The Yucátan Peninsula is famed for its magical cenotes of varied sizes and structures, some known for incredible diving and others for their crystal clear warm waters, but only one cave has gained notoriety for its natural phenomenon, which could be considered interesting or a little creepy for others.
Caves make great homes for bats, but bats are also food for other animals, especially the snakes that call this cave home.
Is It Dangerous?
As daunting and scary as this sounds, these small snakes aren’t a threat to humans because they aren’t venomous and are actually completely harmless, being both deaf and nearly blind. These yellow-red rat snakes are called mousetrap snakes (pseudelaphe flavirufa), and they are common in the forests of the Yucatán Peninsula. However, this is the only population in the world that has created this specific way of hunting. As dusk descends, their darker side comes out.
These reptiles typically prey on small animals, lizards, and rodents that are found on the ground. However, they have cleverly mastered the art of hanging from the ceiling in pursuit of catching these bats from the air, simply by sensing the vibration from them as they speed through the cave. There are six species of bats that co-exist in the cavern, and the snakes have plenty to choose from. Some bats are frugivores, and others are insectivores.
How To Get There?
The cave is located in the municipality of José Maria Morelos, in the south of the Quintana Roo state. If you aren’t staying nearby, you can arrange a tour from your hotel in Cancun via EcoColors Tours.
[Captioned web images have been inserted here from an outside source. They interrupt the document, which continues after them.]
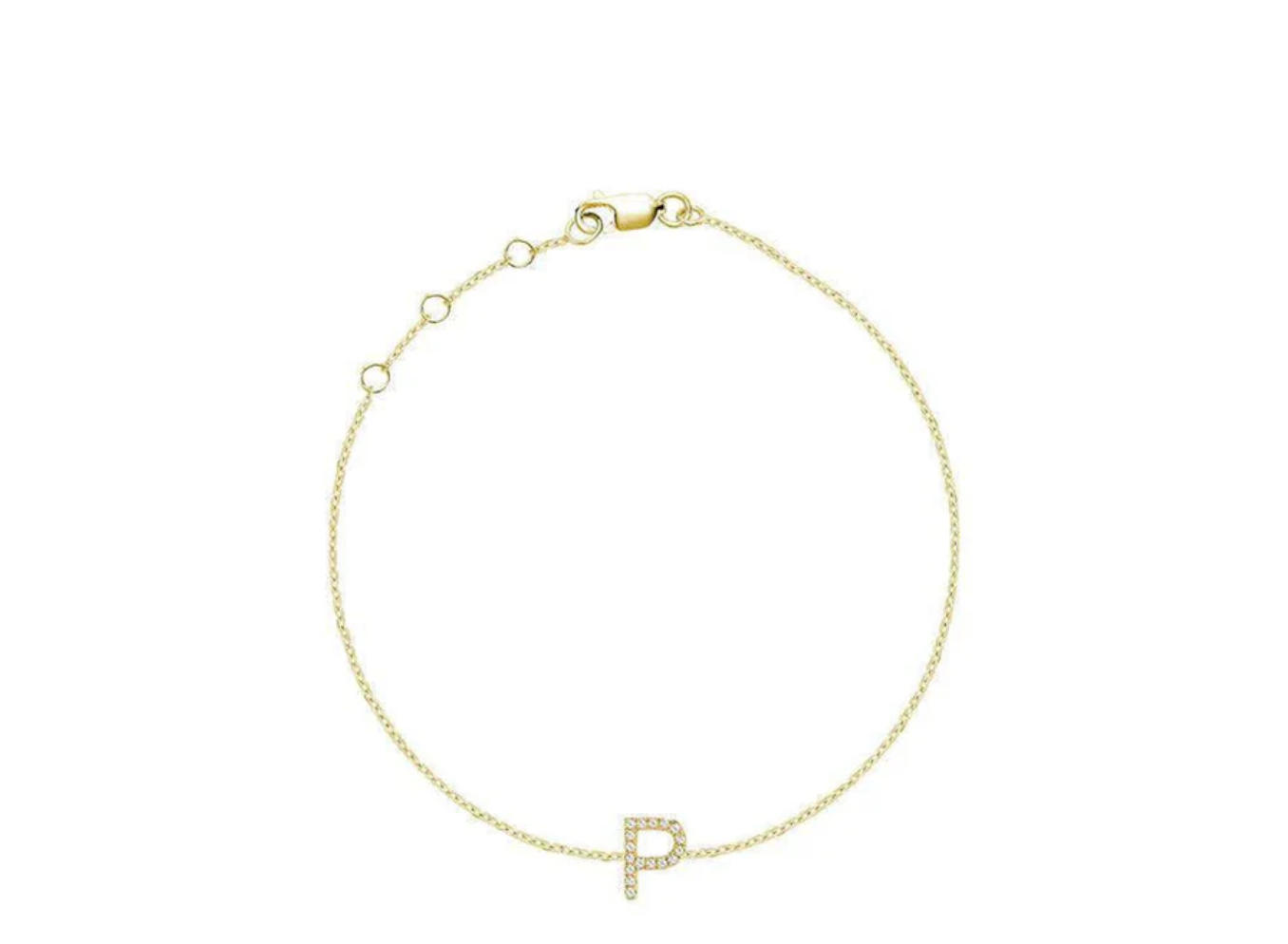 Initial Diamond Bracelet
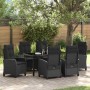 Conjunto de Comedor de Jardín 7 pcs Negro ratán sintético en Sillas de jardín | Comprar online en Foru.es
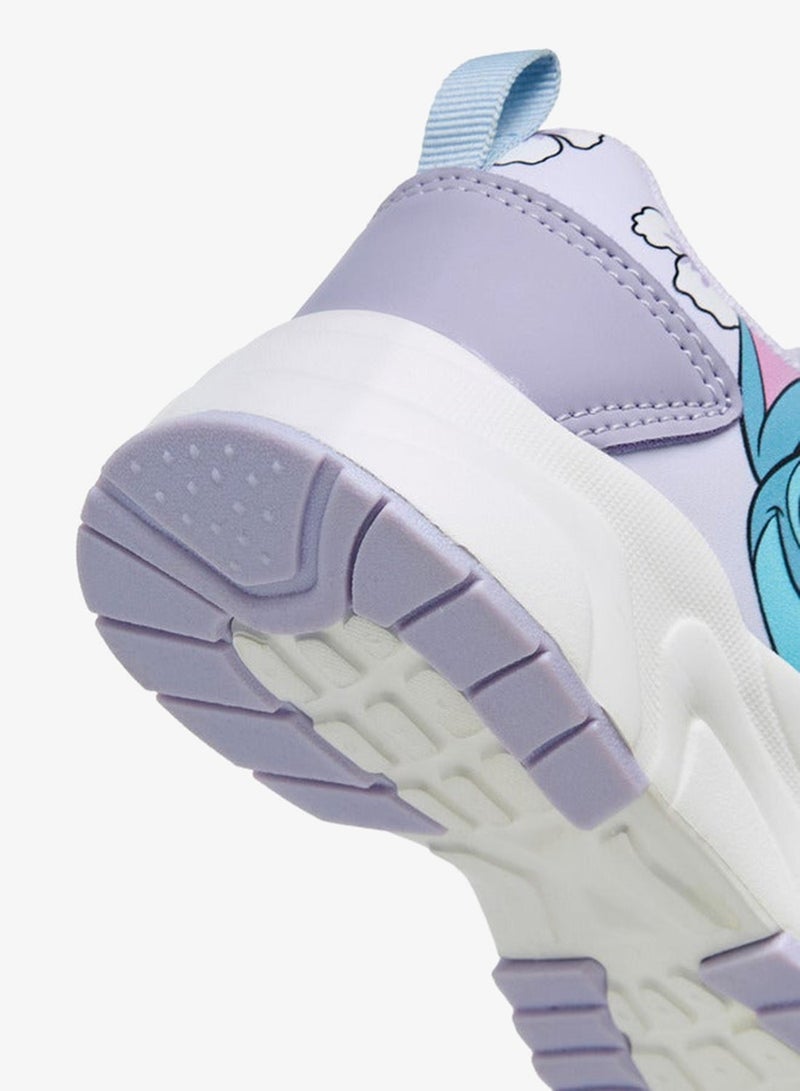 ديزني حذاء رياضي بناتي بطبعة ستيتش بشريط لاصق - Image 5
Alternatively, you can make your own way there; it’s roughly a 2-hour 20-minute drive west from Bacalar or a 2-hour 40-minute journey southwest of Tulum. Plus, with the upcoming Maya Train, the train route plans to stop at Felipe Carrillo Puerto, which isn’t too far from this area, making it a perfect stop to come and witness this attraction.
Visiting The Cave
We all hear about hidden gems, but this is truly one of the most undiscovered attractions in the state – it is said that only around 300 visitors actually bother to visit the cave every year, so you could potentially have the bat cave all to yourselves.
According to National Geographic – a certified guide is required for this trip with groups no larger than 10, with a restriction on touching or disturbing the wildlife. This is to minimize the impact on the cave and the natural habitat.
Luckily for us, the serpents don’t seem to be affected by their spectators. It’s a year-round occasion, and in the 65-foot-wide cave, you should expect to be crawling on your hands and knees in places where bats will be flying around them. It costs around $30 USD to enter the cave or roughly 630 Mexican pesos – the tour will provide you with a head torch and helmet to navigate through the area.
The nearby village of Kantemó is tucked away in the jungle, and most of the locals are of Mayan descent and have known about the cave for several years. They are dedicated to preserving the cave as part of their cultural heritage – the cave has been carved into the jungle after millions of years of rainfall – and it’s worth noting, as incredible as this attraction is, they are still wild animals, and you are not guaranteed to see the snakes hanging from the ceiling feeding on the bats.
This secret attraction was once where few would tread due to Mayan legends stating that evil spirits lived in the cave, however as the attraction has evolved, it is now a hidden gem, a stone’s throw from the tourist hotspots of Riviera, an evening of exhilarating adventure and curiosity awaits you in the heart of the jungle!